Trolle, das sind nicht mehr allein Fabelwesen aus der nordischen Mythologie. Trolle werden auch Menschen genannt, die im Internet Kommentare hinterlassen, allein um zu provozieren. „Wie ein Orgasmus“ sei es für ihn, wenn die Provokation ankommt und immer mehr andere Internetnutzer darauf anspringen. Der Grat, auf dem sich der Troll bewegt, ist schmal. Die Polizei ermittelte bereits wegen Volksverhetzung.
Wenn es jetzt nur einer wäre. Doch es reichen wenige Minuten, um zu sehen, dass Internetforen, Videoportale und soziale Netzwerke zu Plattformen für Beleidigungen und Mobbing verkommen sind. Als „gutes“ Beispiel dienen regelmäßig Videos von und mit deutschen Rappern. In den Kommentaren bei YouTube wird häufig drauflos geschrieben, als ob es kein Morgen gibt. Konstruktive Kritik an der Musik? Selten. Haben die Künstler einen Migrationshintergrund, ist die Diskussion vorherzusehen. Sie driftet ab in rassistische Auswürfe in jedwede Richtung.

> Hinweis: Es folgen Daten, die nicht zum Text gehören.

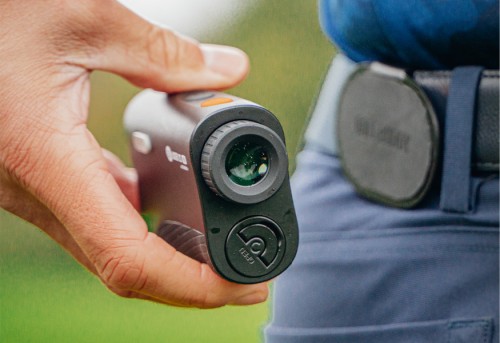 GOLFBUDDY GB LASER 2S PROを評価・解説｜口コミ・使い方｜最安値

„Ich rolle mit meim Besten“ heißt das letzte Video des Offenbacher Rappers Haftbefehl, das er mit dem Rostocker Marteria aufgenommen hat. Im Text der beiden Rapper geht es schon nicht zimperlich zu. Ein Auszug aus den Kommentaren erübrigt eigentlich jede Diskussion, ob nicht mal jemand mit einem digitalen Besen durch YouTube fegen sollte: „Verpiss dich du Hurensohn“, „Sprich mal deutsch oder verpiss dich zurück in dein Land“, „Halt deine Fresse du minderbemitteltes Untermenschwesen“, „Haftbefehl is ne Missgeburt“… und diese Recherche hat ungefähr 25 Sekunden gedauert. 2,9 Millionen Mal wurde das Video angesehen, 2.548 Kommentare hinterlassen.
Was bewegt Menschen dazu, sich im Internet dermaßen unter jeglichen Gürtellinien auszuleben? Und wird eigentlich irgendetwas dagegen getan?
Die Antwort auf die erste Frage liefert Jörg Ziercke, Noch-Chef des Bundeskriminalamtes (BKA). „Wer anonym handeln kann, der ist eher bereit, Grenzen zu überschreiten und Rechtsverletzungen zu begehen. Internetkriminalität führt zu einer Entpersonalisierung kriminellen Verhaltens: Wer im Internet mit einem Mausklick Tausende schädigt, der muss seinen Opfern nicht in die Augen sehen. Das heißt, die psychologische Hemmschwelle ist für den Täter im Internet deutlich niedriger“, sagte Ziercke im Gespräch mit der Zeitung Die Welt. Psychologen sind sich einig, dass das Netz als Abfalleimer für Wütende und Frustrierte dient.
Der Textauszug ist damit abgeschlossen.